We have an exceptional inner-modal franchise out of the west. It’s incredibly valuable to our shareholders long term, our partners.
And that’s what our team is focused on, building that franchise out.
So, couldn’t be more proud of where we’re at, but we also know we have a journey ahead of us. And we’re going to continue to get better and better.
CHARLIE MUNGER: Greg, if we were offered the opportunity, would you trade our operation for theirs?
GREG ABEL: Never. Never. And we love our--
CHARLIE MUNGER: He knows a lot about it, Phil. (Laughs)
GREG ABEL: We have a great franchise, and we have a great leadership team running it. So well said, Charlie. Thank you.
WARREN BUFFETT: And just before we go to Ajit — and Greg, you know, was a major partner for 20 years, more or less, a little over that, since we bought the energy company. And his boss was David Sokol. And the two of them, I mean, they knew how to run businesses.
It isn’t like we don’t read what other numbers are and all that. But we’ve got the perfect person running in Katie Farmer. We’ve got the perfect person running BNSF. And, you know, she’ll do a great job.
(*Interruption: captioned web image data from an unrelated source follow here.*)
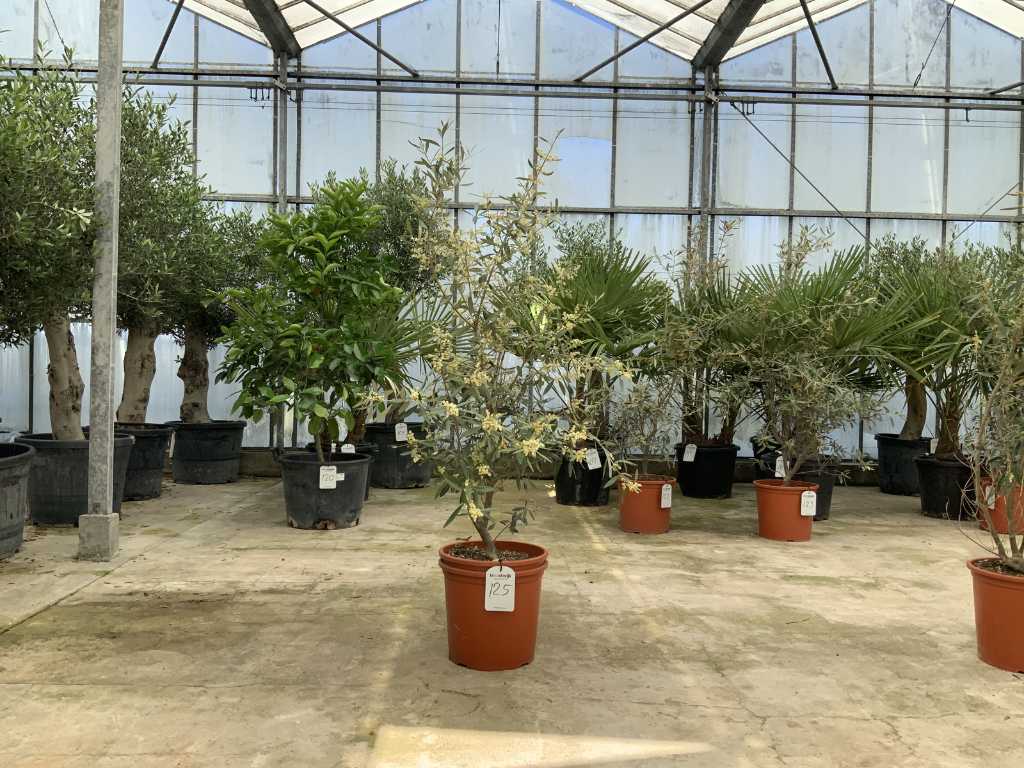 Olivenstrauch (Olea Europaea Lessini)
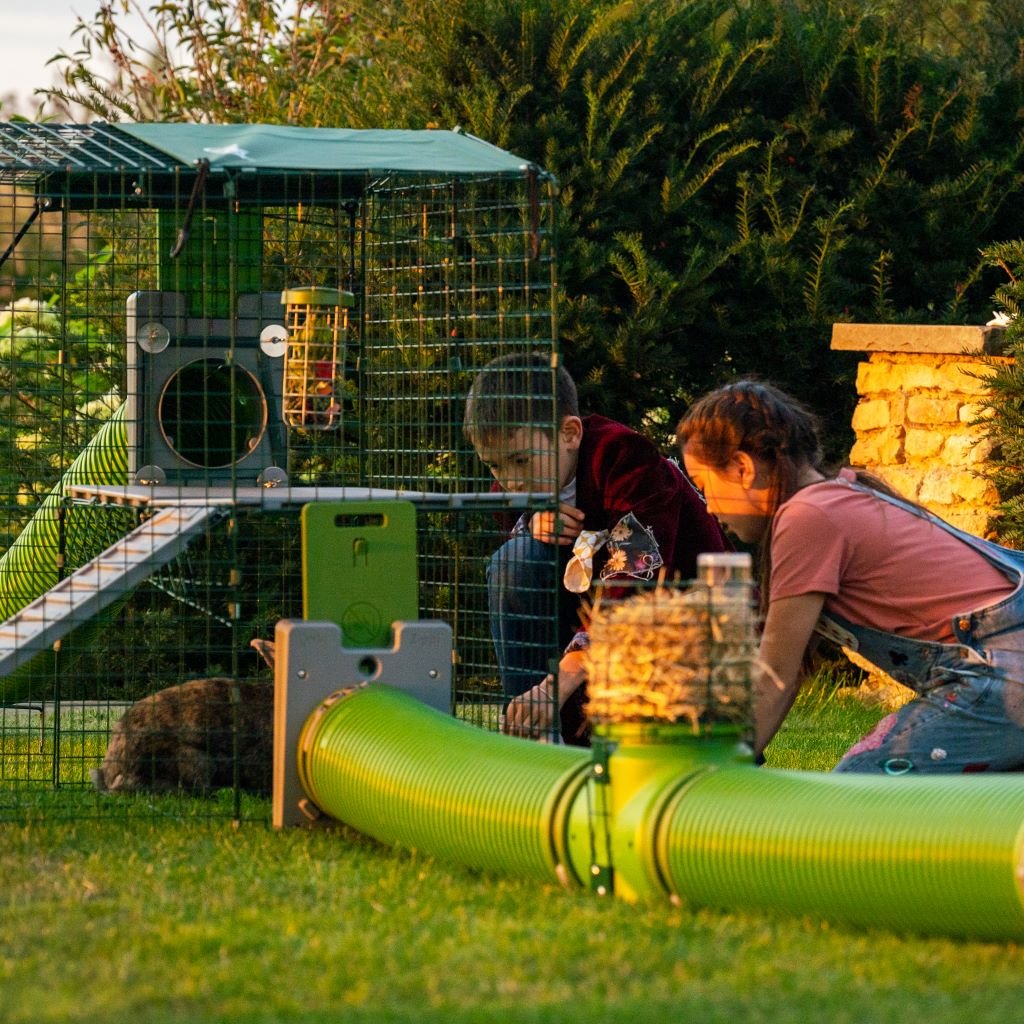 zippi tunnel system | rabbits & guinea pigs
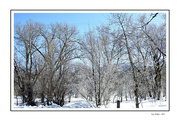 9th Mar 2024 - Frosty Trees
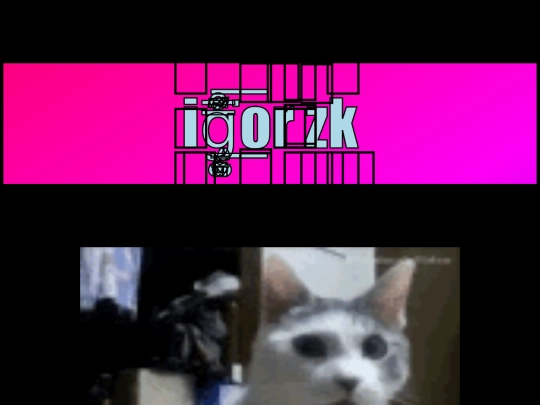 igorzk screenshot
Changing around a railroad in various ways, you know — if you’ve got 21,000-or-something miles of owned track and all kinds of other — that doesn’t count sidings and double tracking — and you’ve got a lot of things to do from something that they started building a couple of hundred years ago — not quite a couple hundred — and you can’t move things around very (Laughter) easily. And towns grew.
You know, when you came into Omaha in 1862, well, the railroad didn’t even go across the river, I mean, even though we’d become a major rail center for the West, or the opening to the West.
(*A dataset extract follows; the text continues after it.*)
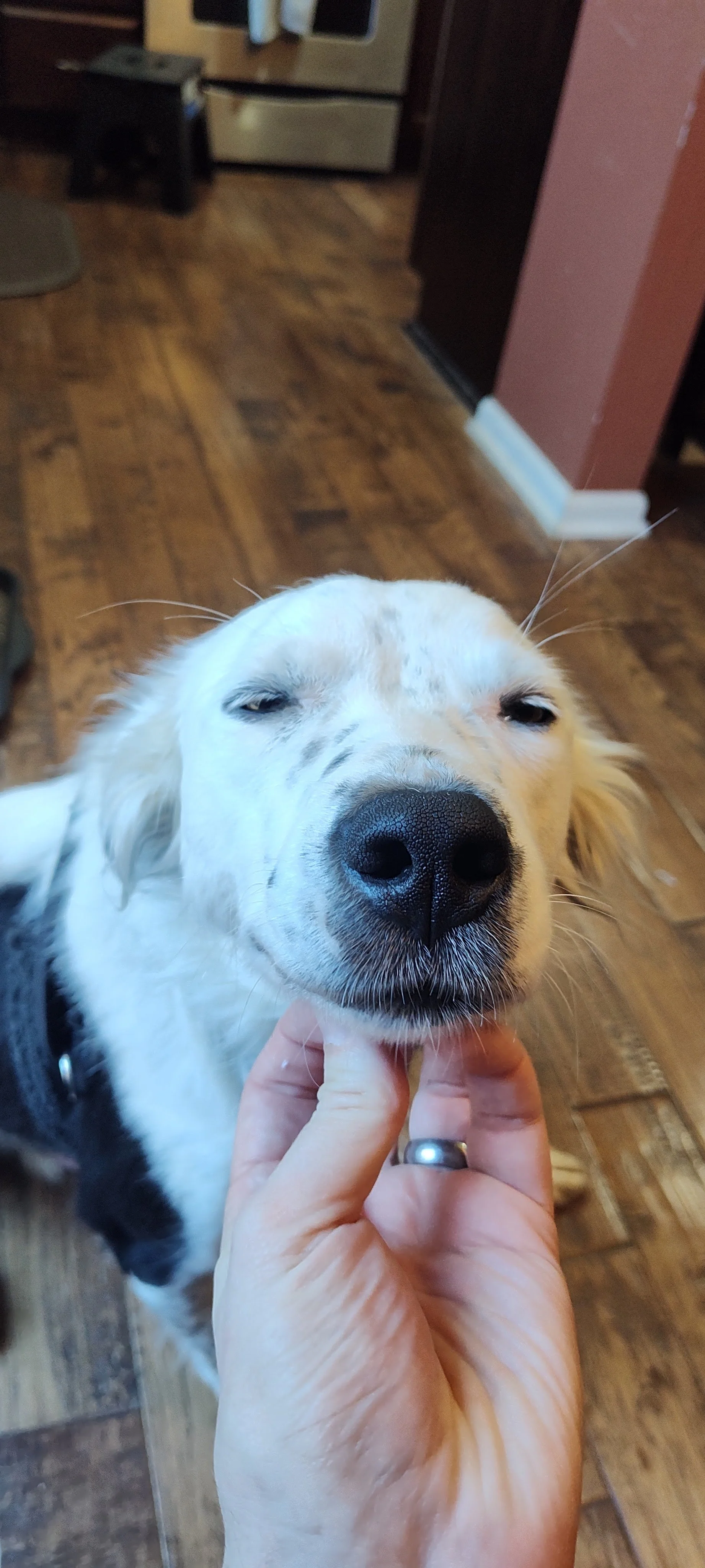Teddy chin scritches.jpg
And we’re going to be here a hundred years from now. We will be an important, a really vital, asset of the country. And it will be a very big part — very important part — of Berkshire.
And we will take what is an incredible assemblage, I think, of 300-and-some railroads or something over time.
And, you know, the tracks got laid, and the routes laid out, you know, 150 years ago. The world changes, but we have to adapt to it.
But you don’t put an order out to change a thousand miles of track in hours, or how it’s operated or anything of the sort.
So, we’re running it to have that asset for Berkshire shareholders, and it will redound to the benefit of the country that we do it.
No matter who ran it, it would be important — obviously enormously — to the country. And the UP will be here at that time, too.
And it’ll be a better railroad a hundred years from now than it is now. But I can’t promise you what will happen if we get flooding or something in the next few months.
You know, it can wipe out a lot of the plans you have and disrupt lots of lives and disrupt lots of shipments.
And there are no magic wands in railroading to make great changes. On the other hand, you ought to be working at it every day to make it better.
I forget how many bridges we have, but some years ago we were spending 3 or 4 billion dollars a year on capital expenditures. And [former BNSF CEO] Matt Rose — I said, this is a lot of money to spend, you know, keeping up a railroad. And then he said, well, we’re going to have to do that more, and so on.
And I said, well, I said, I can handle this part. I’m not sure if Charlie can. (Laughs) I have to explain these numbers to him.
So, the next bridge they bought — they built — they called the Charles T. Munger Bridge. So, you can actually (laughter) go see, our railroad has the Charles T. Munger Bridge, because Charlie kind of was asking similar questions 10 years ago.